Cuando salimos del campamento, nos aplaudieron. Creo que los guías y turistas que conocen la ruta entendieron lo que significaba hacer todo este recorrido en tiempo récord. Quedaríamos en su memoria como los triatletas que lo lograron en la mitad del tiempo. O, según Daniel, como "el hombre guapo y sus tres amigos".
Lo más difícil de toda la travesía estaba por venir. Empezamos a bajar, pero el terreno no era solo descenso, sino una serie de repechos que nunca había sentido antes. Una leve llovizna nos acompañó mientras avanzábamos con lo básico en nuestras maletas. Intentamos correr, pero pronto noté algo extraño: mi corazón se quedaba quieto cuando caminaba.
Me alarmé. Si dejaba que mi corazón mantuviera ese ritmo, ahí me quedaba. La única opción era darle vida, así que decidí correr para despertarlo. Pero el terreno no era solo bajada, y en las subidas sentía que mi corazón no lograba bombear suficiente sangre a mis piernas. Era evidente que algo pasaba, así que le conté a Dani: "Para mí, bajar el ritmo no es opción, si no mantengo el impulso, aquí me quedo". Él, con total empatía, me acompañó.

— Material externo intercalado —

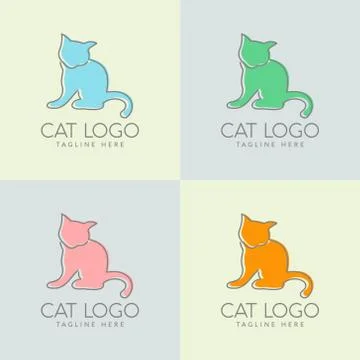 Simple cat logo design. pastel color boutique logo Illustrazione stock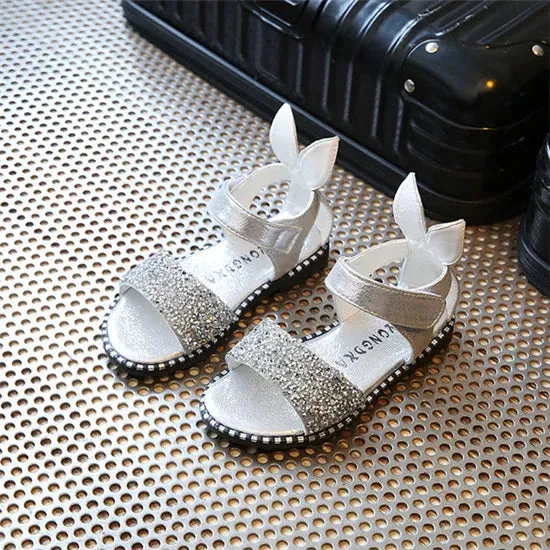 Kids Girls Sandals Beach Shoes Cute Sweet Princess Rhinestone With Rabbit Ear Soft Fashion Sandals - YGSD50610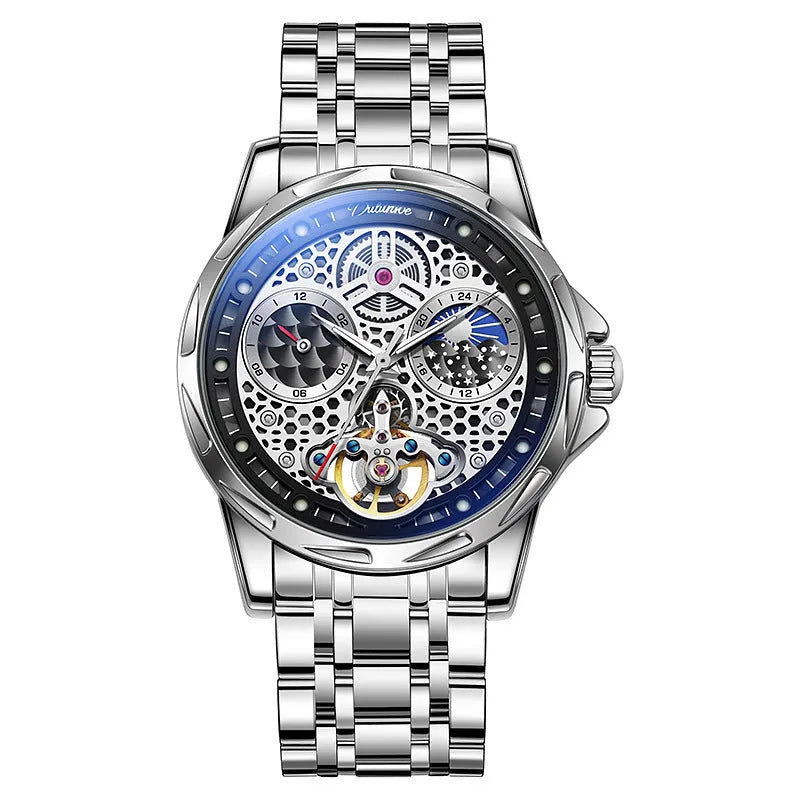 Men's automatic waterproof watch with luminous hands and stainless steel case on leather strap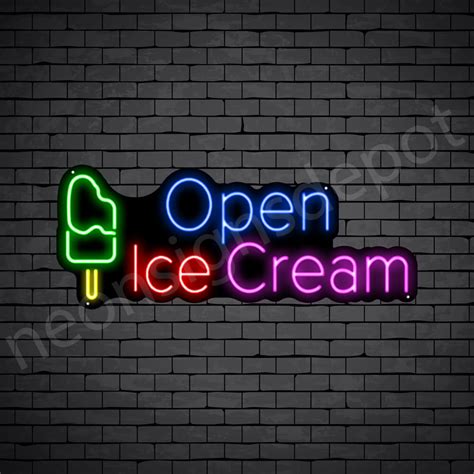 Open Ice Cream V Neon Sign Neon Signs Depot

Entre conversaciones sobre la vida y el trabajo, llegamos a una casa abandonada donde hicimos una pausa para comer queso, jamón y tostadas. Dani nos mostró la huella de su caída por ir pensando en el trabajo. Viendo su embarrada, pensé: "Esto es lo que amo de correr en la montaña. Hay que estar presente, o terminas de cara contra el planeta".
La montaña nos regaló un momento de diversión mientras corríamos bajo la llovizna, pero luego empezó a llover fuerte y el barro nos obligó a bajar el ritmo. Aun así, seguimos firmes con nuestro objetivo: llegar antes de que el sol se ocultara para ver el Valle del Cocora de día.
En medio de la recuperación de mi ritmo cardiaco, llegamos nuevamente a los puentes colgantes, señal de que el final estaba cerca. De repente, apareció una tímida palmera a nuestra izquierda. Le pregunté al guía si podríamos ver más, y él señaló a la derecha. Allí estaban, las palmeras tocando el cielo. Qué vista tan mágica para cerrar esta travesía.
En diciembre había estado en Salento soñando con este momento. Hoy, ese sueño se hizo realidad.
Aquí termina esta bella travesía, que dejará en mi corazón y en mi mente el brillo del sol sobre la nieve y la magia de cada paso que nos condujo hasta la cima.